*WORK TO COMPLETE:* Lines from the one holding "5 Glendower Circle, Pittsford, NY 14534" through the end of the entries, inclusive, form the whole output; reproduce them exactly and omit pictures.

(Beginning of DATA FOR PROCESSING)

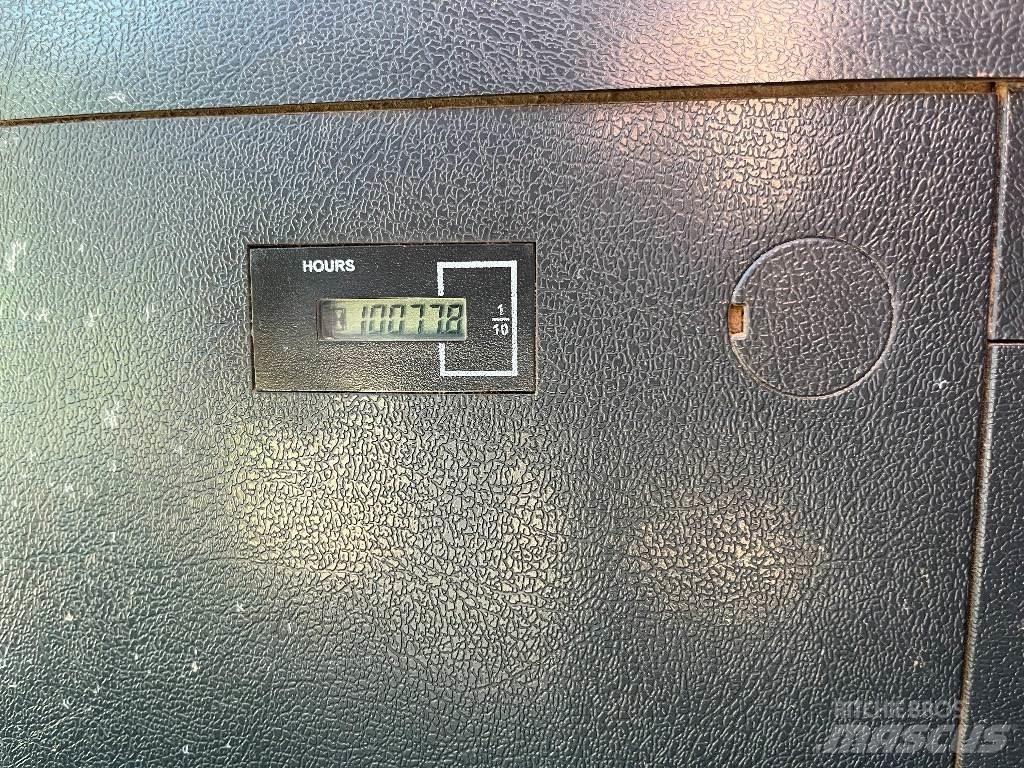 Hyundai HX 180 L 大型油圧ショベル12t以上（パワーショベル・ユンボ）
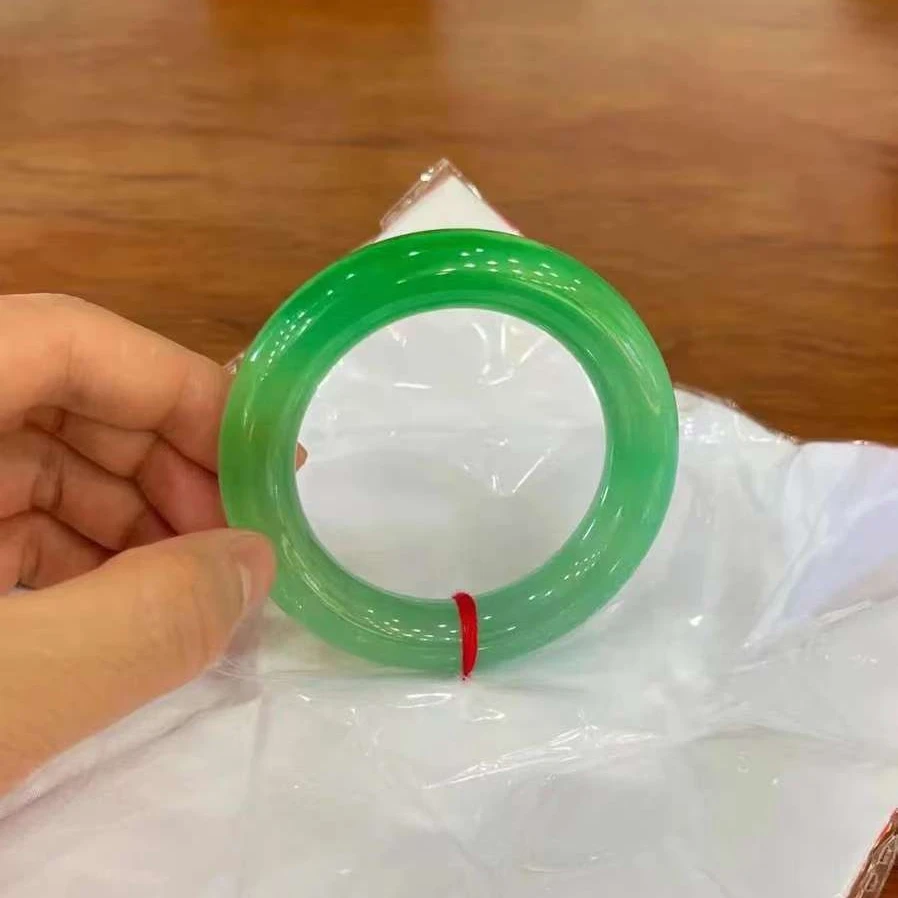 展示链接天然翡翠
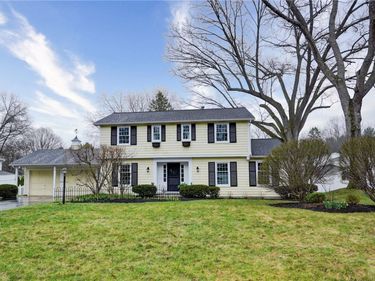 5 Glendower Circle, Pittsford, NY 14534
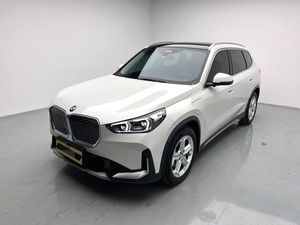 2026 <span class=keywords><strong>IX1</strong></span> EDrive25L X Design Package SUV Eléctrico Usado, EV Premium de Distancia Entre Ejes Larga, Bien Mantenido, Stock Disponible - Product Image 3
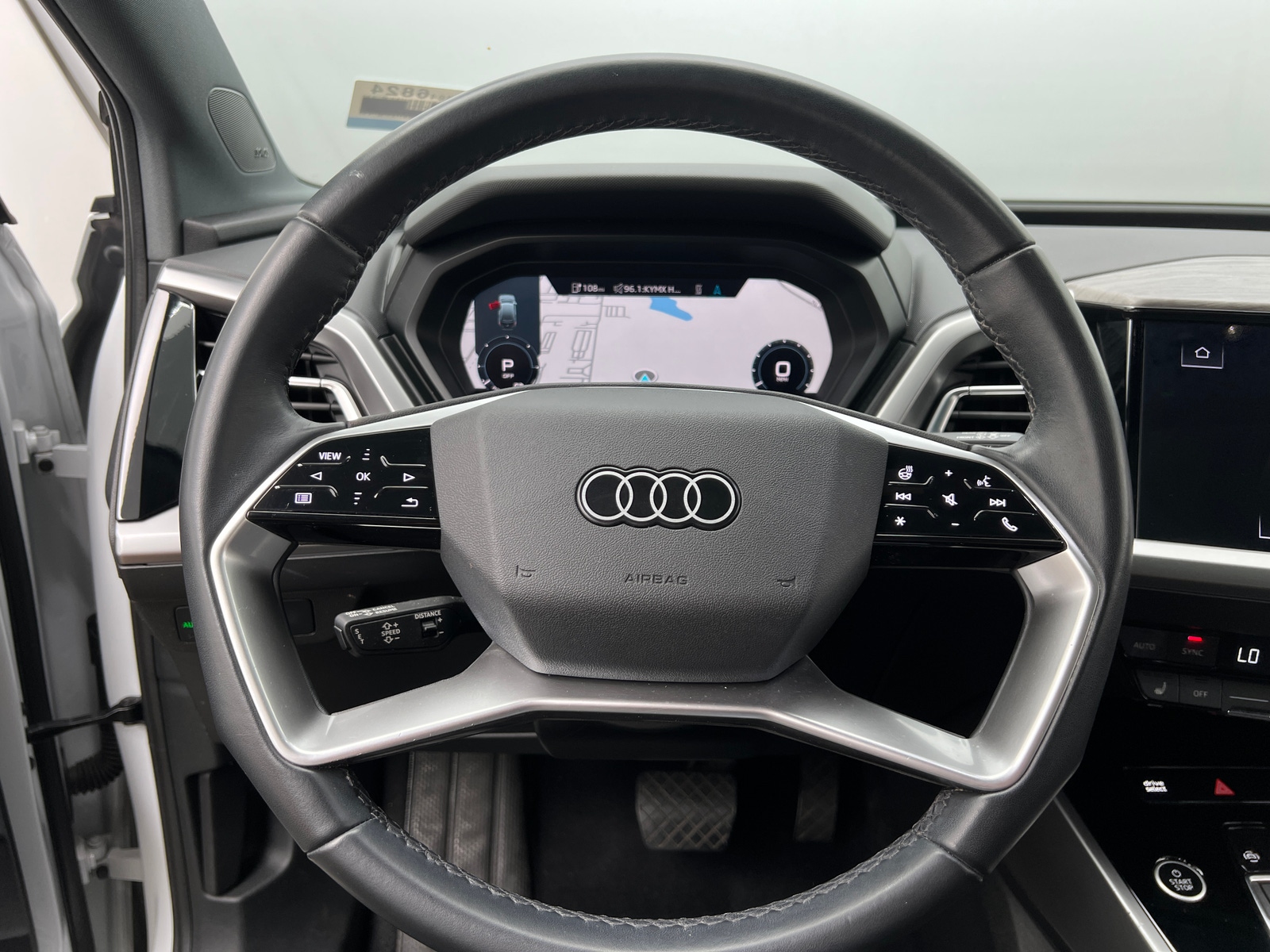 Thumbnail: 2023 Audi Q4 e-tron - 4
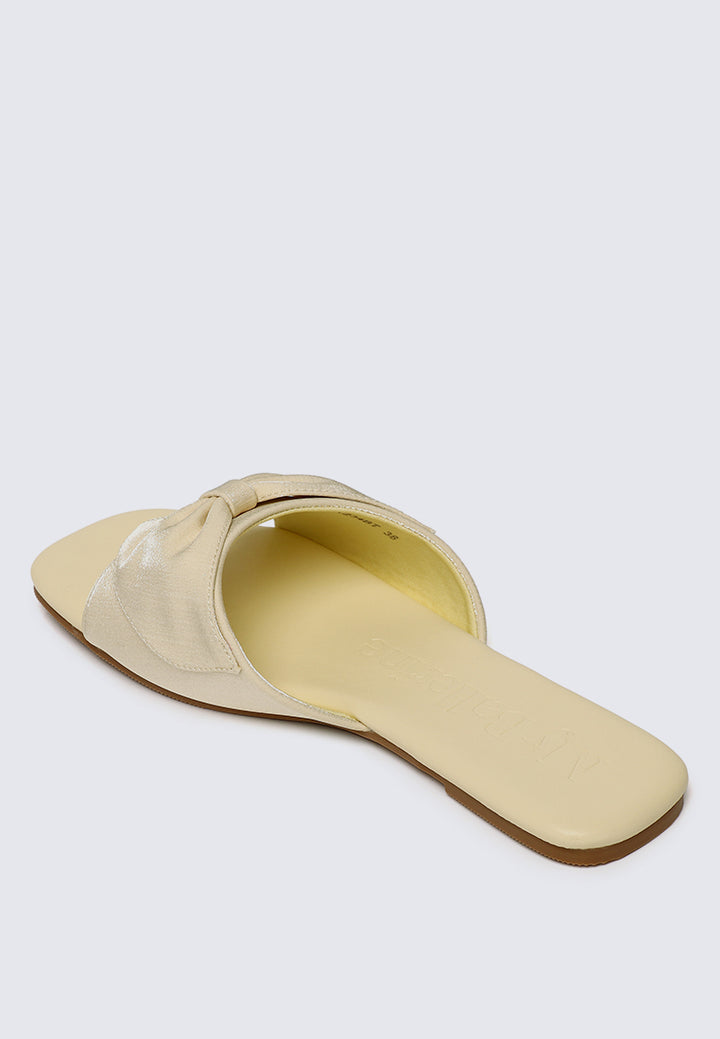 Yurina Comfy Sandals In Butter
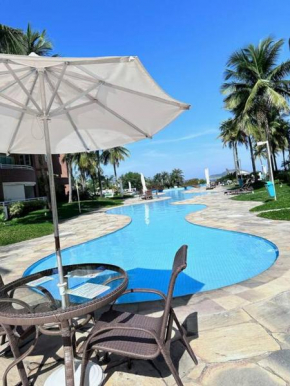 Apartamento 2 suítes em frente praia de camboinhas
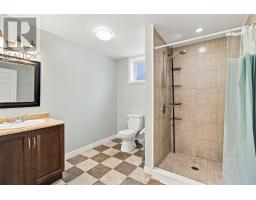 28 Courtney Street thumbnail 31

(End of DATA FOR PROCESSING)

*ANSWER TO THIS TASK:*
 5 Glendower Circle, Pittsford, NY 14534
 2026 <span class=keywords><strong>IX1</strong></span> EDrive25L X Design Package SUV Eléctrico Usado, EV Premium de Distancia Entre Ejes Larga, Bien Mantenido, Stock Disponible - Product Image 3
 Thumbnail: 2023 Audi Q4 e-tron - 4
 Yurina Comfy Sandals In Butter
 Apartamento 2 suítes em frente praia de camboinhas
 28 Courtney Street thumbnail 31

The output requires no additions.